Miniserie biografica che racconta le vicende che hanno portato Tamara a diventare una cantante pop di successo e un'icona negli anni 2000 della tv spagnola.

Consigliato assolutamente no!
n.d.
MYMOVIES 4,00
CRITICA
PUBBLICO
ASSOLUTAMENTE SÌ
Un coraggioso trattato visivo sulla mutazione della soggettività nell'era mediatica.
Recensione di Gabriele Prosperi
venerdì 25 luglio 2025
Recensione di Gabriele Prosperi
venerdì 25 luglio 2025

In un caleidoscopio di luci al neon, suoni sintetici e sogni improbabili, Superstar - prodotta da Netflix - racconta l'ascesa e la caduta di Tamara, poi Yurena, icona controversa della TV spagnola dei primi anni Duemila. Ogni episodio esplora la sua storia da un punto di vista diverso: la madre che ne gestisce la carriera, il compositore delle sue canzoni trash, i rivali bizzarri che l'accompagnano sul palcoscenico mediatico. La realtà si dissolve spesso nel surreale, mentre tra apparizioni, talk show, visioni mistiche e ricordi reinventati si delinea un ritratto multiplo di una donna che, suo malgrado, è diventata un simbolo pop.

Questa recensione non può che cominciare con un appello: che qualcuno, in Italia, un autore visionario o un produttore coraggioso, recuperi l'idea di Superstar e ne faccia una versione italiana.

O meglio ancora, una rilocalizzazione radicale, capace di pescare nel nostro archivio sentimentale e mediale, nelle infinite pieghe della nostra cultura televisiva del desiderio, della vergogna e della rovina.

Forse i nostri fenomeni non sono stati incapsulati in un nome preciso come "tamarismo", ma sono stati altrettanto diffusi, pervasivi e interclassisti. Dalla figura di Valeria Marini a quella di Pamela Prati, che da decenni popolano varietà, reality e rotocalchi tra culto e caricatura, fino a personaggi più laterali e irregolari come Lisa Fusco e Flavia Vento, e l'intero catalogo delle meteore del Grande Fratello: la televisione italiana ha coltivato e consumato con sistematica voracità figure femminili costruite sul confine tra glamour e naufragio.

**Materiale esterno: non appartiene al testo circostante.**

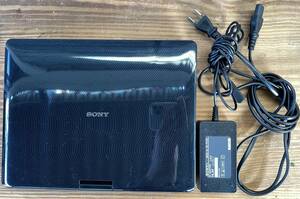 動作品　SONY ソニー　ポータブルブルーレイ DVDプレーヤー BDP-SX1 Blu-ray　2012年製　画面サイズ10.1型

È la grammatica della trash TV, certo, ma anche il linguaggio di un disastertainment perfettamente codificato, che trova la sua linfa nel piacere colpevole, nella fascinazione per il fallimento, nell'imbarazzo riflesso e riciclato che spinge a guardare mentre si vorrebbe distogliere lo sguardo. Donne mediatiche che, tra paillettes e scandali, hanno incarnato intere stagioni culturali e sono state risucchiate e ridicolizzate da un sistema che si è nutrito della loro esuberanza, delle loro fragilità e della loro solitudine. Superstar dimostra che si può raccontare tutto questo con rispetto, stile, empatia e ironia. Ed è esattamente il tipo di racconto che manca oggi in Italia.

La regia di Nacho Vigalondo trasforma questa miniserie in un piccolo trattato visivo sulla mutazione della soggettività nell'era mediatica. I sei episodi, ciascuno costruito come uno specchio distorto, raccontano una Tamara diversa a seconda dello sguardo di chi la osserva. È una struttura fluida, frammentaria, che privilegia l'impressione alla cronaca, il gesto simbolico al fatto nudo. L'ibridazione dei registri - melodramma, farsa, realismo magico, musical pop e satira - è sorprendentemente coerente, perché sempre funzionale a raccontare l'oscillazione di Tamara tra figura pubblica e soggetto vulnerabile, tra caricatura e destino, ma senza mai raggiungere quella consapevolezza piena e quella forza autoriale che hanno permesso ad altre - pioniere e ribelli, come Raffaella Carrà (non a caso citata anche in questa miniserie) - di diventare registe del proprio personaggio, artefici della propria narrazione e del proprio successo.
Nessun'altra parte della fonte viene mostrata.